Est-ce le fait d'être une femme? Ou, plutôt, une femme d'un certaine génération? Sans doute un peu mais le problème de Pauline Marois est surtout ailleurs. Elle ne semble pas avoir d'inspiration profonde par rapport au parti qu'elle dirige ou la société dans laquelle elle vit. Sa ténacité est indéniable par rapport à défendre son propre carré de sable mais pour défendre des idées ou une direction politique, on repassera. Le meilleur exemple? La crise étudiante.

 Je ne suis pas de ceux ou celles qui trouvent que Mme Marois a manqué de jugement en adoptant le carré rouge. Son erreur n'était pas de le mettre mais de l'enlever aussi précipitamment qu'elle l'avait mis. En d'autres mots, de ne pas savoir quoi faire avec le fameux carré. (Le vidéo d'elle battant la casserole illustre d'ailleurs cette incertitude à merveille). L'occasion était là pour elle de reprendre toutes les questions posées par la crise étudiante --de la façon que nous sommes gouvernés au rapatriement des richesses naturelles, de l'égalité des sexes à  la hausse des frais de scolarité en passant par les autochtones-- et de nous convoquer à une deuxième Révolution tranquille.

Devant un chef "usé et corrompu", devant surtout des enjeux sociaux et politiques qui, depuis 50 ans, n'ont jamais interpellé autant, Mme Marois aurait pu en appeler à une refonte en règle de nos institutions, à une ère nouvelle. Mais de la crise étudiante, elle semble retenir que la pointe de l'iceberg, les frais de scolarité, qu'elle s'empresse de classer parmi une pléthore de revendications sur lesquelles, d'ailleurs, elle ne semble pas trop vouloir s'avancer (notamment, le référendum).

Si Jean Charest est l'homme du coup de poing sur la table, Pauline Maris est la femme
des petites bouchées.  Elle nous offre un beau plateau de sandwichs en forme de coeur mais, vu les circonstances, on reste sur notre appétit.

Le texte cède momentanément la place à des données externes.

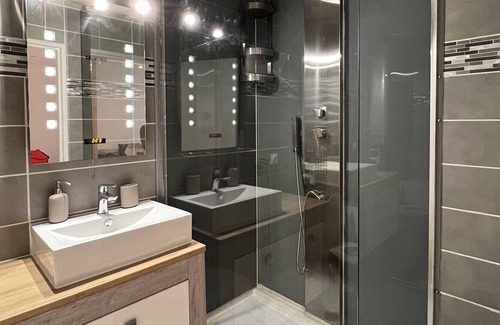 Cote Pavee Apartment | Le Petit Sauveur:studio&parking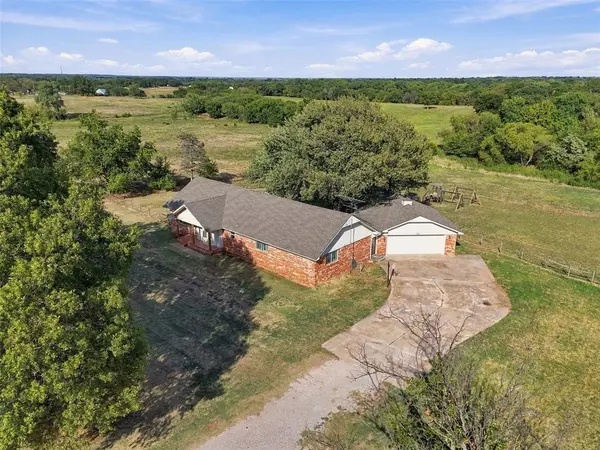 14031 N County Road 3010, Lindsay, OK 73052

Et François Legault? Il a l'air d'un homme qui vient de gagner la 6/49. Super content, en d'autres mots, mais un peu nerveux pour ce qui est de la suite. M. Legault qui a multiplié les erreurs en façonnant son parti (dont celui de voter en faveur de la loi 78) a par ailleurs compris une chose: la corruption est la seule chose qui le distingue franchement de Jean Charest. Il a intérêt à frapper sur ce clou, ce qu'il fait d'ailleurs fort bien. Pauline Marois devrait prendre bonne note. Ce genre d'attaque pourrait s'avérer essentiel pour contrer la stratégie d'enfer de Charest.